Friday, 2 December 2011

The Joy of NaNoWriMo

Well, it's the first of December and I can relax. November is behind me.

November is the month of NaNoWriMo. It's not some kind of Mork & Mindy pachyderm reference. It stands for National Novel Writing Month and the point of the exercise is to get people writing creatively. For this, I applaud it.

It is fair to say it has taken over my life over the last 30 days. The point of the exercise is to write 50,000 words in a month. This is only actually 1,667 words per day, or about 4 pages of single spaced A4 with a 12 point font. It is doable. It is surpassable. When I did some research and found that 50,000 words is actually a novella and not a novel, I wanted to do more. My total word count for the 30 days of November was 80,071 and I still probably have another 30,000 words to go before the story is complete. But today is a day for putting my feet up and drinking too much. I do feel I have something to celebrate.

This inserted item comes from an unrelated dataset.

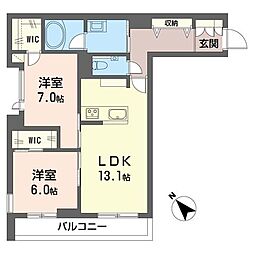 クレバス 2LDKの間取図画像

I have been obsessed by the project. I couldn't sleep for writing. I would try, and then I would get inspiration for something and would have to type it up before it went the way of all ignored ideas, confined to the bin of oblivion. I didn't eat. Mainly, I lived on a diet of Golden Virginia and the occasional Battenberg cake to keep the energy levels up.

And I discovered some dark sides to myself I didn't know were there. I am not writing a book for children. One of my main characters is a psychopathic rapist, another the victim of paedophilia. Societal ills from racism to Thatcher are themes in one section of the book, the dark underbelly of suburbia in another. And the way the orcs get treated in the fantasy section was tantamount to genocide.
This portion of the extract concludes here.